Make an exact copy of the listing so that no picture is carried over.
*** Opening RECORDED INFORMATION ***
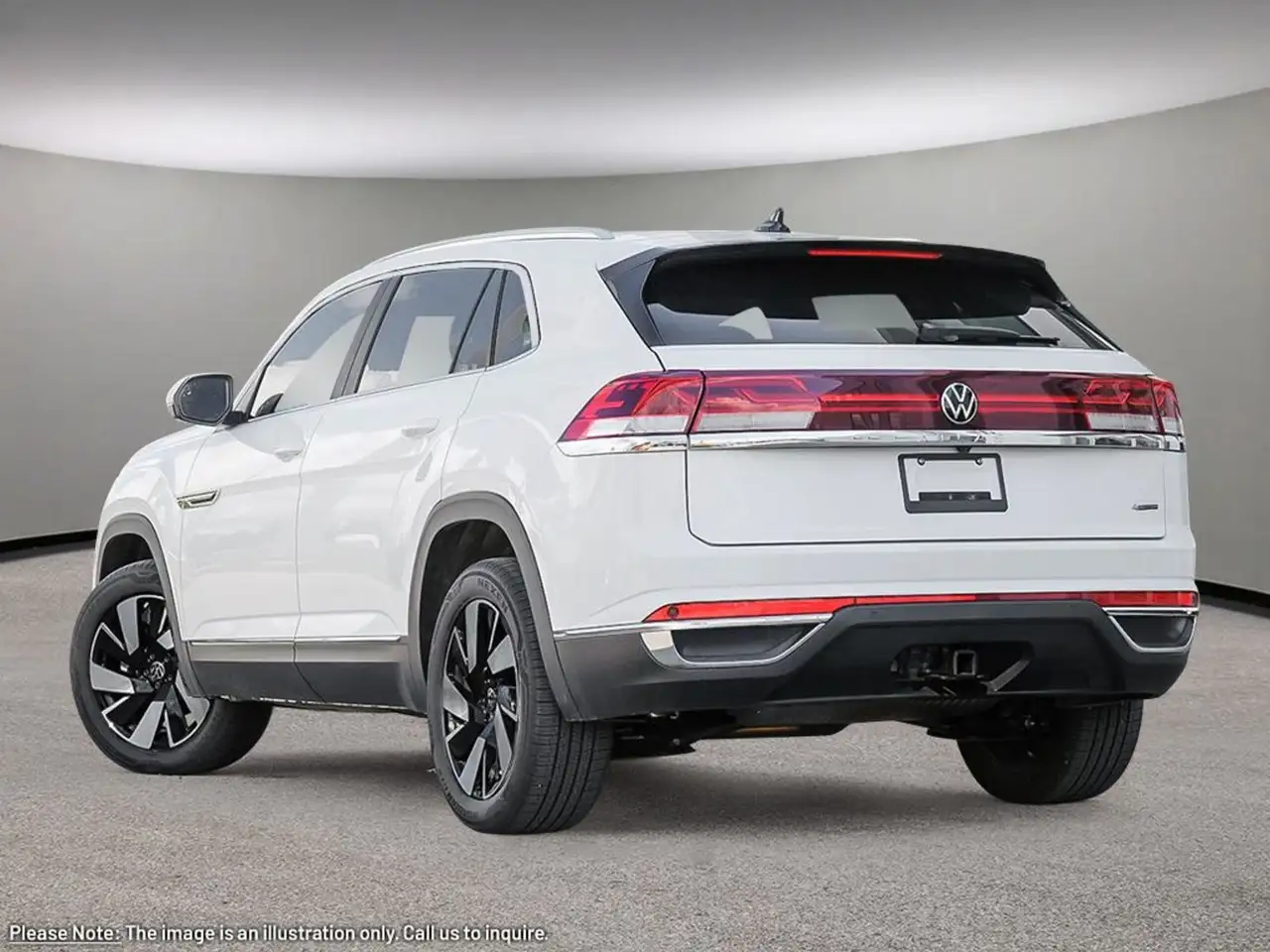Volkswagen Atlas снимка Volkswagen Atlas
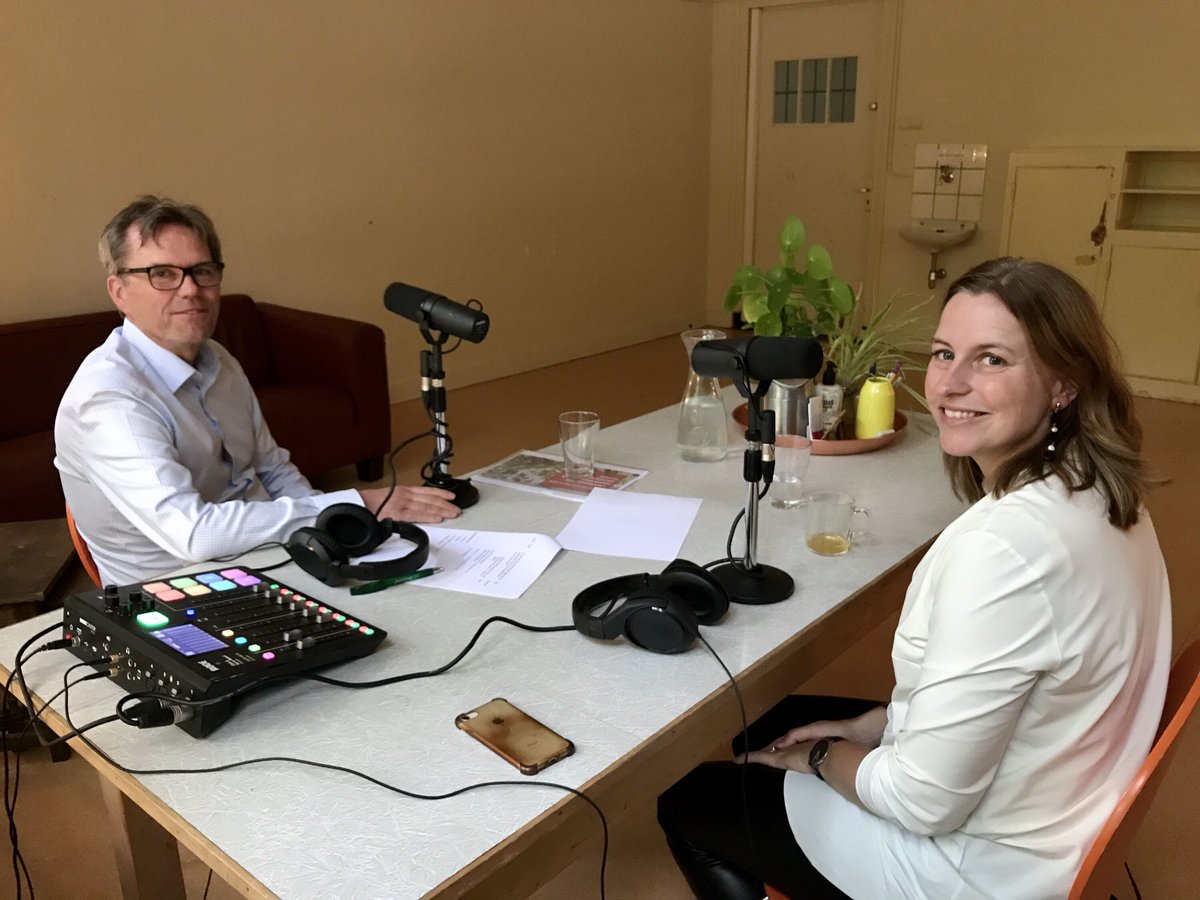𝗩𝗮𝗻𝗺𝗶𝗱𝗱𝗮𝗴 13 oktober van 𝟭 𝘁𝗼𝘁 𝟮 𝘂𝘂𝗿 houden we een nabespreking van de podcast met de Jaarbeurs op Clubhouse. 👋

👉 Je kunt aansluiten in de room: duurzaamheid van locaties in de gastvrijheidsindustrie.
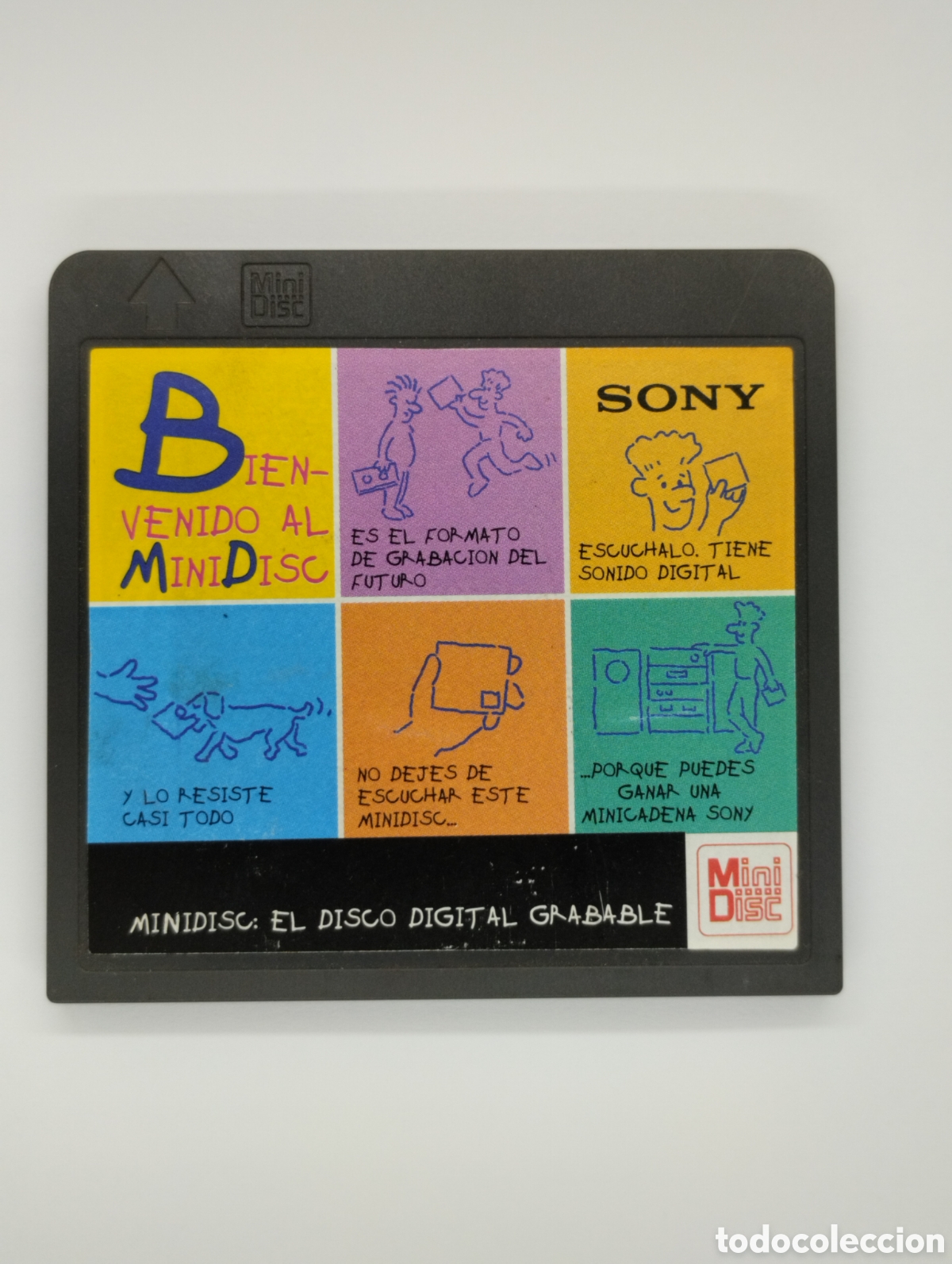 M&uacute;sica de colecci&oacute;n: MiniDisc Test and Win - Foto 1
*** Closing RECORDED INFORMATION ***
ANSWER FOR THIS EXERCISE ->
Volkswagen Atlas снимка Volkswagen Atlas
𝗩𝗮𝗻𝗺𝗶𝗱𝗱𝗮𝗴 13 oktober van 𝟭 𝘁𝗼𝘁 𝟮 𝘂𝘂𝗿 houden we een nabespreking van de podcast met de Jaarbeurs op Clubhouse. 👋

👉 Je kunt aansluiten in de room: duurzaamheid van locaties in de gastvrijheidsindustrie.
 M&uacute;sica de colecci&oacute;n: MiniDisc Test and Win - Foto 1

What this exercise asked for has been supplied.